Dataset records:
§

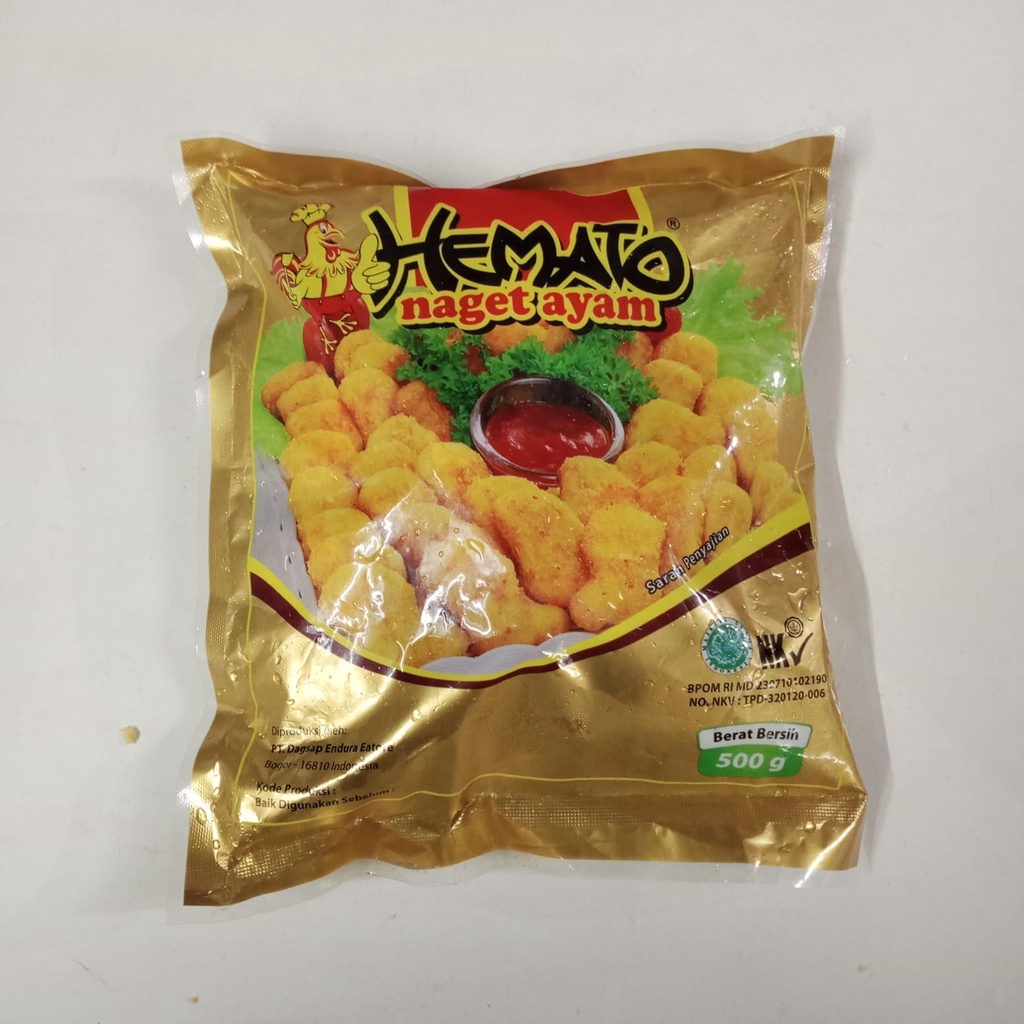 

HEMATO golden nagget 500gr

§

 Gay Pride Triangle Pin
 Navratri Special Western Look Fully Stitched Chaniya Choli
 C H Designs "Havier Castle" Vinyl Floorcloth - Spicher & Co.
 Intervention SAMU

§

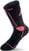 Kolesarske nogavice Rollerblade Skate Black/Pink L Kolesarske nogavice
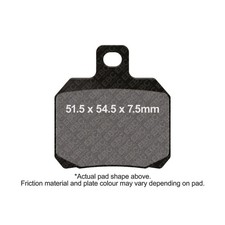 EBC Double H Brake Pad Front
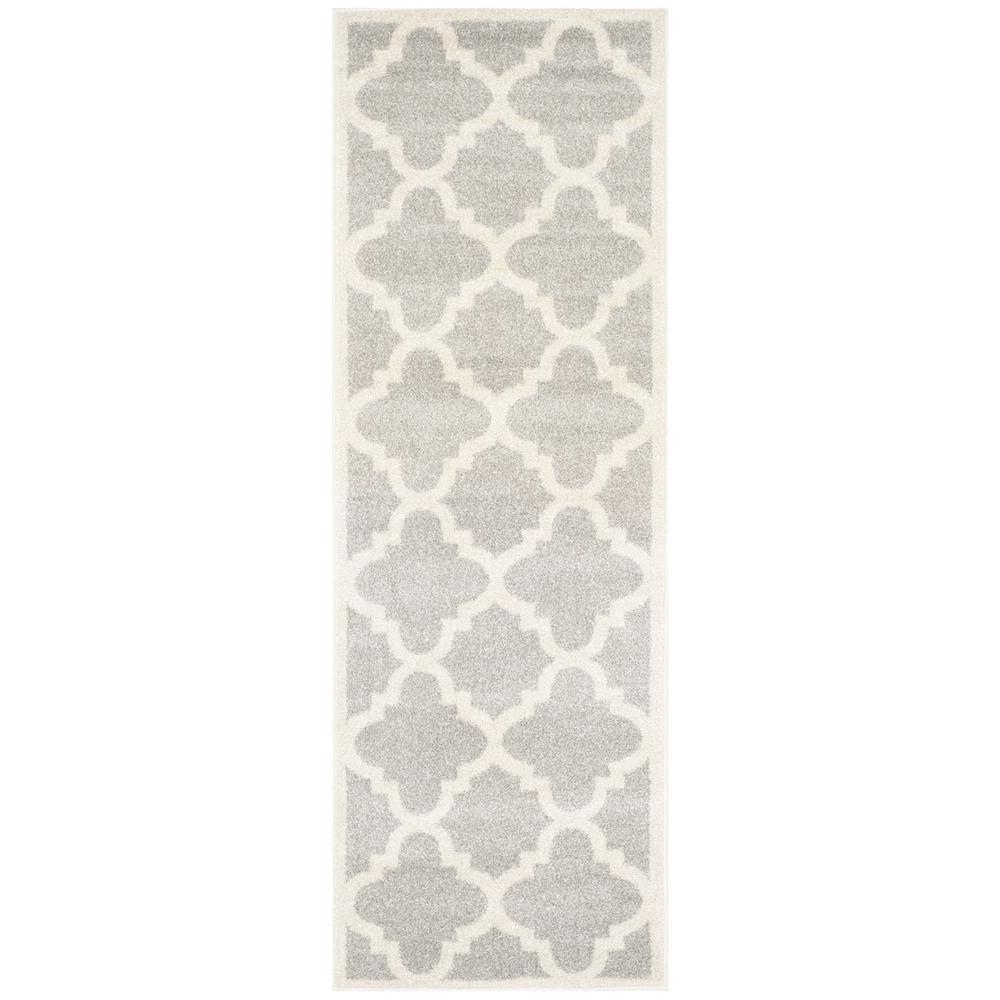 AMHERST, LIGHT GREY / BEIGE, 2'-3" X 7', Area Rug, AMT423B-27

§

Task directions: Within the listing above, locate the line containing "Navratri Special Western" and the line containing "Intervention SAMU". Reproduce those two lines and all lines between them exactly, with nothing added.

Solution to this task:
 Navratri Special Western Look Fully Stitched Chaniya Choli
 C H Designs "Havier Castle" Vinyl Floorcloth - Spicher & Co.
 Intervention SAMU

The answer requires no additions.